#### How to complete this task:
From the entries below, copy out all lines holding "Photo".

#### Exercise data:
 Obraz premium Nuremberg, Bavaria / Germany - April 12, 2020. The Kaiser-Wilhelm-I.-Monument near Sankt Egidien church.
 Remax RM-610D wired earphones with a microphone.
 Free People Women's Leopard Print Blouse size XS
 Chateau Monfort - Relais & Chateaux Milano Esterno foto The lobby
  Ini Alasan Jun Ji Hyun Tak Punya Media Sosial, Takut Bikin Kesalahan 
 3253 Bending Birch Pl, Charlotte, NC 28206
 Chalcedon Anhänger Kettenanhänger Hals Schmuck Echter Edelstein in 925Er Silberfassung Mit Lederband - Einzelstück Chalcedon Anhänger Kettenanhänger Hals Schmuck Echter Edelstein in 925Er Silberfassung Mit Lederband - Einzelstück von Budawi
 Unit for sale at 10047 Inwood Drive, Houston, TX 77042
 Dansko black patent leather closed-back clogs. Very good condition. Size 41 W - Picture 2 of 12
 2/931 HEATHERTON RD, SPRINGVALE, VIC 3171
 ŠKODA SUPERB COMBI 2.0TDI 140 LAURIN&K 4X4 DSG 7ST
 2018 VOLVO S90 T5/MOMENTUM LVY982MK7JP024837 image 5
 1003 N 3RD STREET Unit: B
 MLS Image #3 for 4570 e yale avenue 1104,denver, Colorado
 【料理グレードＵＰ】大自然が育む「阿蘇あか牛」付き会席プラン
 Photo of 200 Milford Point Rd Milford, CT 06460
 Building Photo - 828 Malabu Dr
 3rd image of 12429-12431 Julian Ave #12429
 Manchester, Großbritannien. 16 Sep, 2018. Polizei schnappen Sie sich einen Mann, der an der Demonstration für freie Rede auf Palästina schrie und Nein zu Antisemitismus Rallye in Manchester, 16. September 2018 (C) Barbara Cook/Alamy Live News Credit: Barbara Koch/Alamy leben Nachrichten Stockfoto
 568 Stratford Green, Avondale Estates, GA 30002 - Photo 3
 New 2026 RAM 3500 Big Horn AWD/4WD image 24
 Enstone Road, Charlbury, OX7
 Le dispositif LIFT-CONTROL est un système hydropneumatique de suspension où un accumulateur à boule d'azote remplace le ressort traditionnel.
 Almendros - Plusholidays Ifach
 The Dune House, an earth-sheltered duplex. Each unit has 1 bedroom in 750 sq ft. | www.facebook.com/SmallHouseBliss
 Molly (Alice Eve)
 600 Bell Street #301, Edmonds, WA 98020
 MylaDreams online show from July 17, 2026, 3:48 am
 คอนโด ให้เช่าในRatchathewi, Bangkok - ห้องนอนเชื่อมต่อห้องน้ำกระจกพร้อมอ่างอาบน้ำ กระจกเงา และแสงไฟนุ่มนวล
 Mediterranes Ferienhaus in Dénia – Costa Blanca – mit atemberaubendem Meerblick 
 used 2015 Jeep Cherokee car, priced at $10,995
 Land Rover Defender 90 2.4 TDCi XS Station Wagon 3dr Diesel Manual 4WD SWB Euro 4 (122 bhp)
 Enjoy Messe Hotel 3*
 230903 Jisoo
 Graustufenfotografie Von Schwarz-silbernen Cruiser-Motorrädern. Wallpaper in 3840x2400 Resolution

#### Solution to this exercise:
 Photo of 200 Milford Point Rd Milford, CT 06460
 Building Photo - 828 Malabu Dr
 568 Stratford Green, Avondale Estates, GA 30002 - Photo 3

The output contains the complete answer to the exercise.